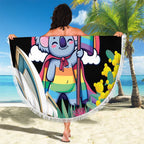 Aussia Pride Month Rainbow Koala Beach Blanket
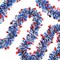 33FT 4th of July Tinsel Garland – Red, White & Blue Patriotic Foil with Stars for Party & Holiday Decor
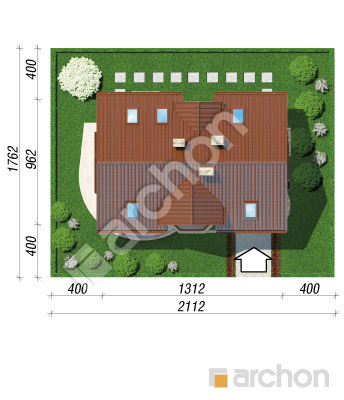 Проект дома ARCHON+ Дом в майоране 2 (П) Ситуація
········
### Goal of the exercise:
Retype the data above exactly, dropping every picture.

### Answer:
 Aussia Pride Month Rainbow Koala Beach Blanket
 33FT 4th of July Tinsel Garland – Red, White & Blue Patriotic Foil with Stars for Party & Holiday Decor
 Проект дома ARCHON+ Дом в майоране 2 (П) Ситуація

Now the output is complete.